Hi, Would you be able to house two tegus in the minimum recommend 6x3x3 or would it need to be much larger? I don't know if it makes a whole lot of a difference if theres another tegu in there. They would both be allowed much free roaming time.


----------



## TeguBuzz (May 7, 2013)

It will not work. A 6x3x3 is the bare minimum for one adult tegu, it cannot house two tegus and I would strongly recommend building two separate enclosures.


----------



## Dirkthejerk41 (May 7, 2013)

Okay, also this is not very relevant to this post but regarding temperatures, it looks like on the cool side i have about 75-80, and about 85-90 on the hot side with a basking spot of 115-125, does that sound alright?


----------



## Scott_k (May 7, 2013)

The temps sound fine, as far as for the 2 tegus living together I would go at least 12x6x3.


----------



## Dirkthejerk41 (May 7, 2013)

wow, lol no way I could get ahold of that


----------



## mike97 (May 9, 2013)

or build a 6x3x6 and split it?


----------



## Dirkthejerk41 (May 9, 2013)

I just don't really have the room for that. Probably won't get another tegu then, unless I get a big enclosure.


----------



## mike97 (May 11, 2013)

i would say a 10x5 should be ok for a pair. and i meand stack two 6x3's on top of each other


----------



## laurarfl (May 11, 2013)

These are Colombians, correct?


----------



## Dirkthejerk41 (May 11, 2013)

I was actually wanting to get a red tegu to live with my colombian.


----------



## Deac77 (May 11, 2013)

oh no dont do that!


----------



## Dirkthejerk41 (May 11, 2013)

why not? If they are the same size what's the problem?


----------



## KritterKeeper (May 11, 2013)

Well they wont always be the same size and more often than not it ends badly when people try to combine large reps other than for breeding purposes(and sometimes that ends badly too). Plus i believe ive read that columbians tend to be less tolerant of 'roommates'. If you cant properly house them both separately then please dont get the 2nd one.


----------



## Dirkthejerk41 (May 11, 2013)

I've read of tons of people doing it. But i hear ya. I have the enclosure ready but my colombian is only 18" now so im still gonna keep him in the 4x2x2 for now.


----------



## laurarfl (May 14, 2013)

The two species have slightly different husbandry. Since the T teguixin is more equatorial, they stay consistent with temps and a 12hr light cycle. They also are not tolerant of cooler temps. If you have a S. rufescens and he slows in the winter, you are not going to want to keep him at warm temps. And at current size, my red is massive compared to my Colombians. He could never fit into a 6x3.


----------



## Dirkthejerk41 (May 24, 2013)

Would ya'll say a female argentine tegu could fit in a 6x3??


----------



## Tannaros (May 24, 2013)

Dirkthejerk41 said:


> Would ya'll say a female argentine tegu could fit in a 6x3??


 

It depends on the individual to be honest. My tegu is abnormally small in general, and she could fit into a 6x3 cage without problem. I've also seen tegus that would heartily chortle at such an insigificant enclosure. As a general note - at the very least it will last you a good while before you'd need to consider upgrading to a larger area, assuming you get your tegu as a hatchling or just young.


----------



## Dirkthejerk41 (May 24, 2013)

what if i gave it hours of free roam time and the enclosure was essentially for basking and sleeping, would that suffice?


----------



## Tannaros (May 24, 2013)

Dirkthejerk41 said:


> what if i gave it hours of free roam time and the enclosure was essentially for basking and sleeping, would that suffice?


 

It really depends on your tegu. You want a sleeping/rehydrating/basking/eating chamber to be comfortable. Essentially you need to ensure that your tegu could fully turn around without too much of an issue, and provides a good range of temperatures for them to choose from.

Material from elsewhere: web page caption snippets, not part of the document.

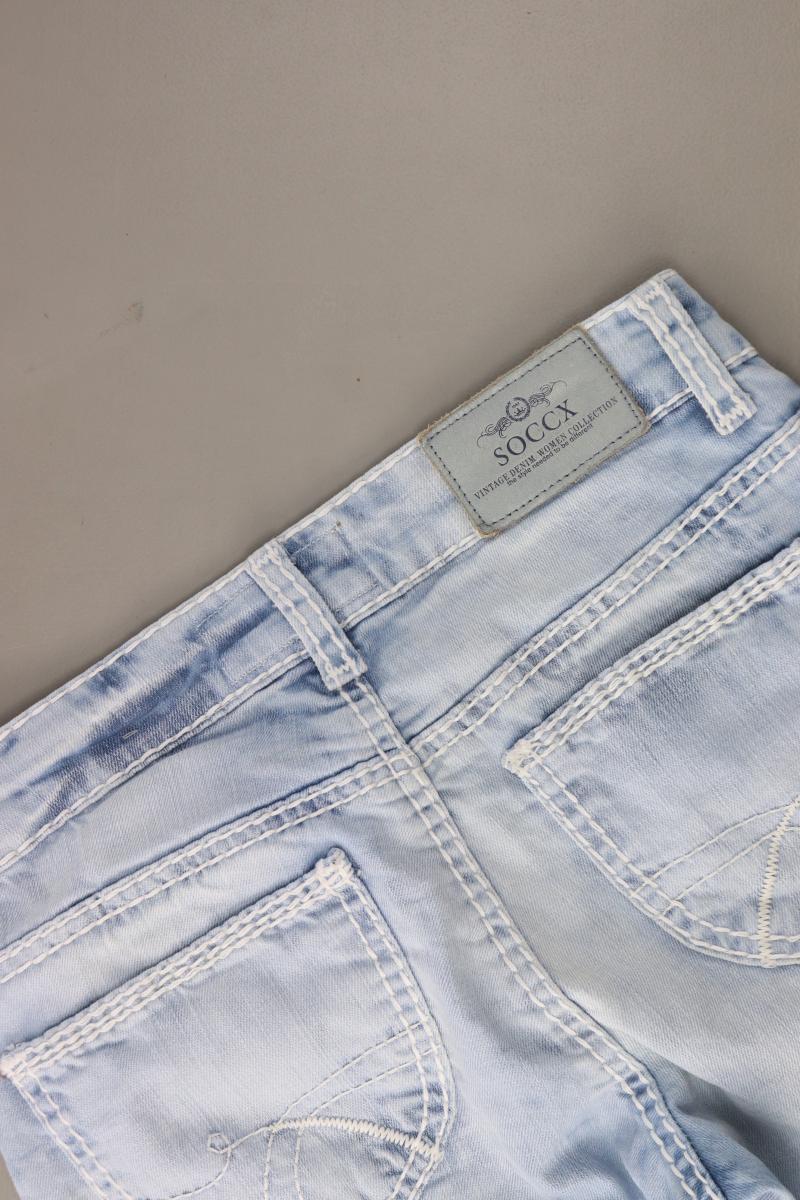 Soccx Skinny Jeans Gr. W26/L30 neuwertig blau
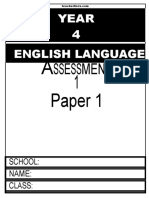 Year 4 English Language: A 1 Paper 1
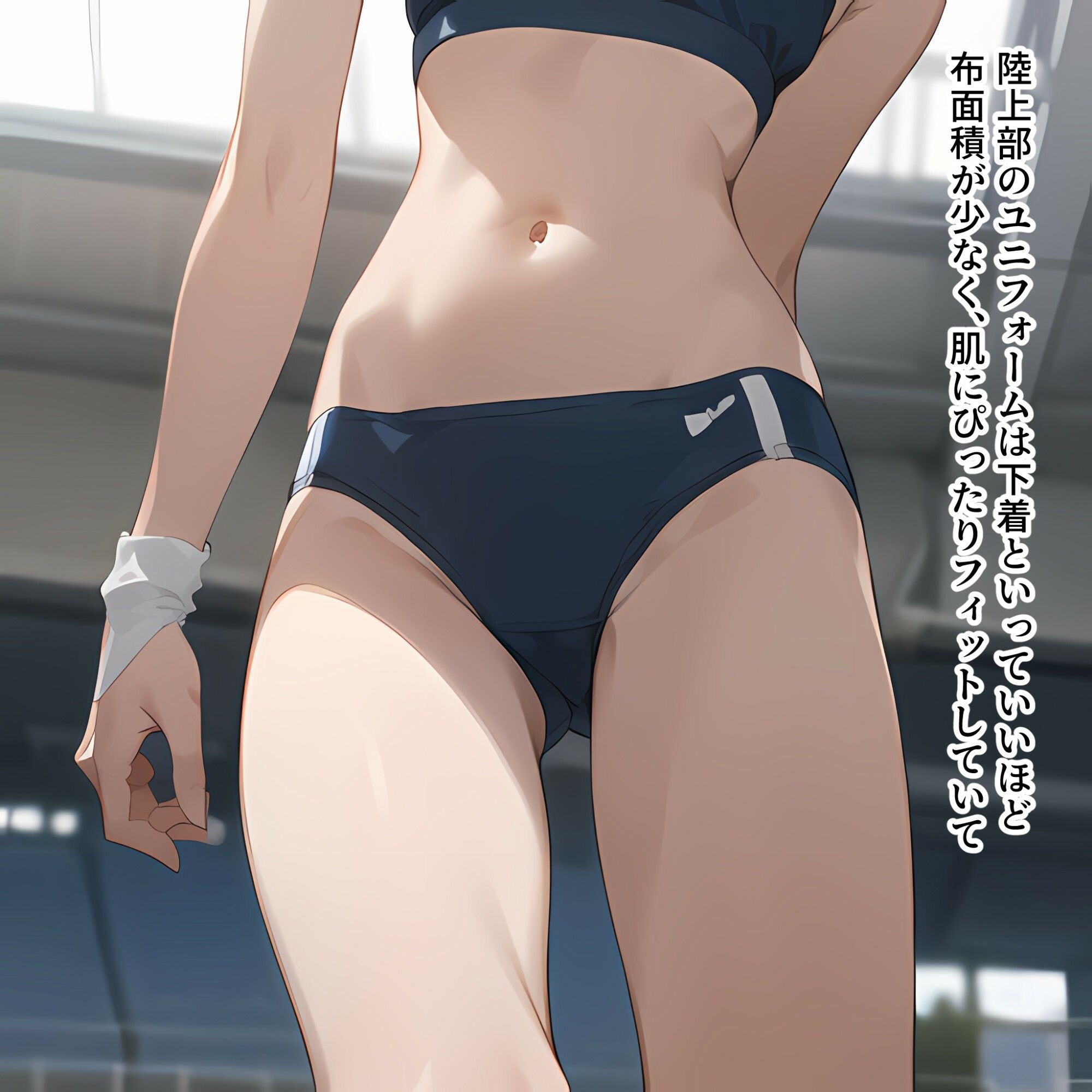 サンプル画像3:陸上部の彼女にマッサージする話(電脳戯画) [d_356380]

One thing you can do to make the cage work better is install sturdy shelves into the sides. This could serve a few purposes. Assuming your cage isn't limited on height (4-5' would be ideal) you could create multiple levels within the cage itself. This increases usable surface area for your tegu, in addition to allowing plenty of heat gradients and alternative basking spots.

I would caution you situate the cage decor in such a way that anything harder than the tegu is further from the shelves. Simply to reduce the chance of a fall and an injury. Tegus are very sturdy animals as a whole, and I've seen a number do interesting leaps with no overt damage to themselves.


----------



## Dirkthejerk41 (May 25, 2013)

Okay then I will definitely consider that, thank you!


----------